### PROBLEM
Below is a block of records. Copy every line in it that contains the word "Gift".
═══ RECORDS SHOWN
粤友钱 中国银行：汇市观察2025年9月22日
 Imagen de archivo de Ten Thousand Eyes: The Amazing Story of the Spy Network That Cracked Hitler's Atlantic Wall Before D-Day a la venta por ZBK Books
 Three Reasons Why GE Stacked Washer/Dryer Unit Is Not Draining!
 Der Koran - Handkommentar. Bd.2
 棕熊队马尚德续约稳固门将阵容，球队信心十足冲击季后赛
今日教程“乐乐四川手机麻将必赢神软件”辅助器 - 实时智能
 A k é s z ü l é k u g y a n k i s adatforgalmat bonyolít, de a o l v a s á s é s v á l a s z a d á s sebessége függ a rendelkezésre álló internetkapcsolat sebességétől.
══════
═══ RECORDS SHOWN
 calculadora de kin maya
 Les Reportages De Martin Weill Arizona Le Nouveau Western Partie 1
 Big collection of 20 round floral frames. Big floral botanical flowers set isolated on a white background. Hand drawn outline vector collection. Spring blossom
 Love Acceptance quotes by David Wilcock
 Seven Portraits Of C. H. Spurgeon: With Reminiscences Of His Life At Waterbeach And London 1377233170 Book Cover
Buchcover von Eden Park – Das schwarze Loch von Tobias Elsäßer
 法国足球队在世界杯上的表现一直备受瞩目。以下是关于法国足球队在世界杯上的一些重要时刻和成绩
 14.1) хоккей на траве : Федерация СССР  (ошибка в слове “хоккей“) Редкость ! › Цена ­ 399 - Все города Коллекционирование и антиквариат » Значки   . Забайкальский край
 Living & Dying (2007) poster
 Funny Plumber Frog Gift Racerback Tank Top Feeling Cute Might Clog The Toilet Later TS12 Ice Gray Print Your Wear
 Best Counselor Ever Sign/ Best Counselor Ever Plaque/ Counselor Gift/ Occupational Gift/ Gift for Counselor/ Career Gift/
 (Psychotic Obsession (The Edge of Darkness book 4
══════
### COMPLETED EXERCISE
 Funny Plumber Frog Gift Racerback Tank Top Feeling Cute Might Clog The Toilet Later TS12 Ice Gray Print Your Wear
 Best Counselor Ever Sign/ Best Counselor Ever Plaque/ Counselor Gift/ Occupational Gift/ Gift for Counselor/ Career Gift/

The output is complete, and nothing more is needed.